Bankruptcy does not void a trademark license. MISSION v. TEMPNOLOGY

Bankruptcy does not void a trademark license. MISSION v. TEMPNOLOGY

A trademark is something which signals to consumers the identity of a producer of a product.  Traditionally a trademark if thought of a symbol, word or short phrase. However, anything that serves the purpose of identifying the identity of a product producer can be eligible for trademark protection.  In the United States the first person to use a trademark is considered the senior user of a trademark and subsequent users of a trademark are considered junior users.  A senior trademark user is given priority over junior users.  A trademark can be registered with the United States Patent and Trademark Office to strengthen the rights associated with the trademark, however registration is not a prerequisite to begin using a trademark to brand products and registration does not negate the priority of a senior trademark user.

Trademarks are valuable pieces of intellectual property.  Companies expend significant sums to promote their trademarks to the public.  The association a consumer makes between a trademark and a high quality product is an indicator of the value of a trademark.  Frequently owners of trademarks will license a trademark to other companies.  The motivation to license a trademark can vary greatly.  Sometimes a manufacturer will license their trademark to other manufacturers that produce products outside the trademark owner’s core business, or a sports team will license their trademark to clothing manufacturers.

A trademark license is governed by both trademark law and contract law.  Contract law governs the general terms of how the contract is interpreted, and trademark law imposes additional requirements.  Trademark law requires a trademark owner to enforce quality control over licensed product.  If a trademark owner fails to demand and enforce quality control over licences products, the trademark owner risks loosing the trademark.

Bankruptcy is a third branch of law that can become important in a trademark license agreement.  Bankruptcy allows a company to shed its obligations and reorganize its operations.  Generally under bankruptcy law contracts are voided so that a company can continue unencumbered by past mistakes. The question then becomes, what happens to a trademark license when the licencor declares bankruptcy?  On one hand it would seem unfair to require a bankrupt company to continue to monitor the quality of a third party’s products.  On the other hand, if would seem unfair to revoke a license if a trademark licensee continues to make royalty payments.

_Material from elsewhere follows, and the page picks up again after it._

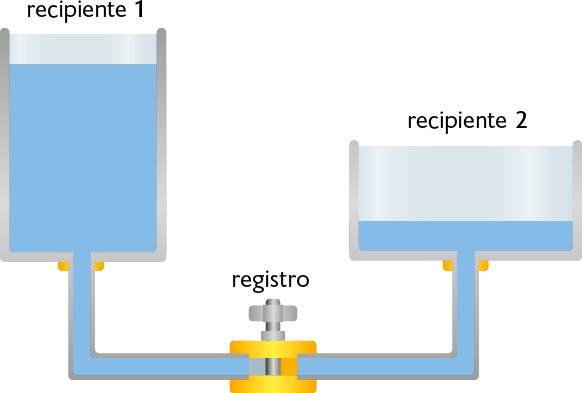Ilustração. À esquerda, há um recipiente retangular cheio de água, o recipiente 1. Na sua parte inferior há um cano que vai até um registro de água, que está fechado. À direita, há outro recipiente retangular, o recipiente 2, que é mais largo e tem menor altura se comparado ao recipiente 1. A base desses recipientes retangulares estão na mesma altura, e o recipiente 2 também está conectado ao registro por meio de cano.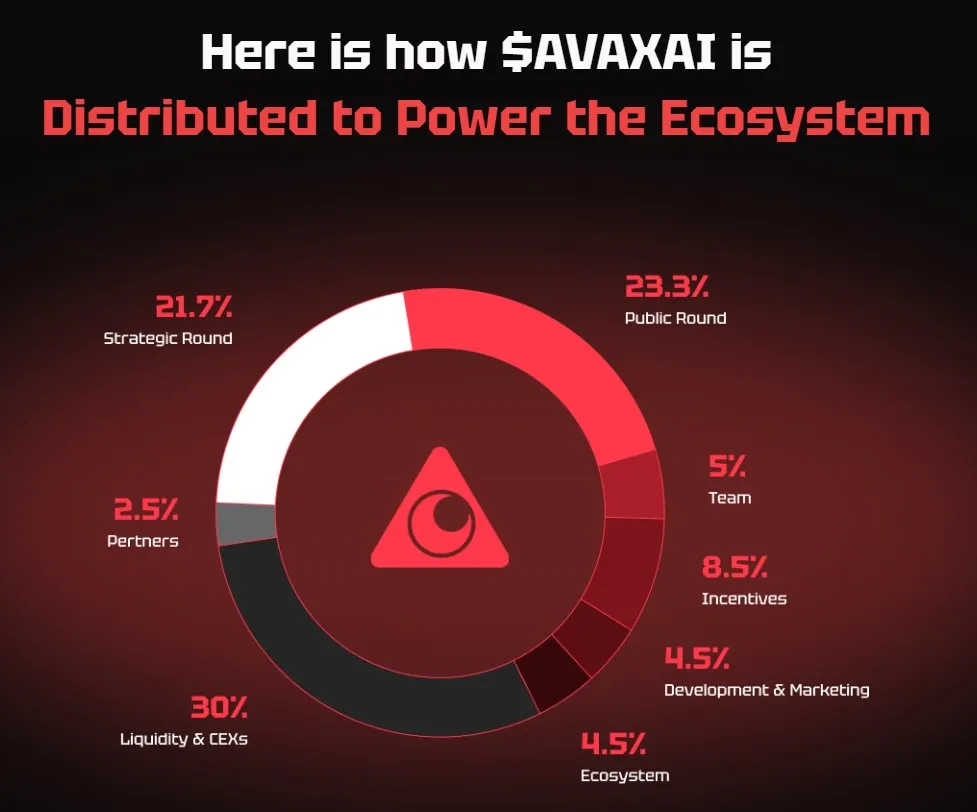 Avalanche low cost tokenomics graph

The United States Supreme Court answered this question in MISSION PRODUCT HOLDINGS, INC. v. TEMPNOLOGY, LLC, NKA OLD COLD LLC,  17–1657 (U.S. 2019). The plaintiff in this case licensed certain trademarks from the defendant in connection with the distribution of certain clothing and accessories. The defendant filed for Chapter 11 bankruptcy and sought to reject its agreement with the plaintiff. Section 365 of the Bankruptcy Code enables a debtor to “reject any executory contract”—meaning a contract that neither party has finished performing. 11 U. S. C. §365(a). It further provides that rejection “constitutes a breach of such contract.” §365(g). The Bankruptcy Court approved the defendant’s rejection and further held that the rejection terminated the Plaintiff’s rights to use the Defendant’s trademarks. The Bankruptcy Appellate Panel reversed, relying on Section 365(g)’s statement that rejection “constitutes a breach” to hold that rejection does not terminate rights that would survive a breach of contract outside bankruptcy. The First Circuit rejected the Panel’s judgment and reinstated the Bankruptcy Court’s decision.  The plaintiff then appealed the First Circuits decision to the United States Supreme Court.

The United States Supreme Court sided with the Plaintiffs.  The court held that a license allows a licensee to continue doing whatever is authorized in a license.  The bankruptcy code does not allow a debtor to roll back a transfer of interests whether the property transferred is tangible, like a photocopier, or intangible, like a trademark.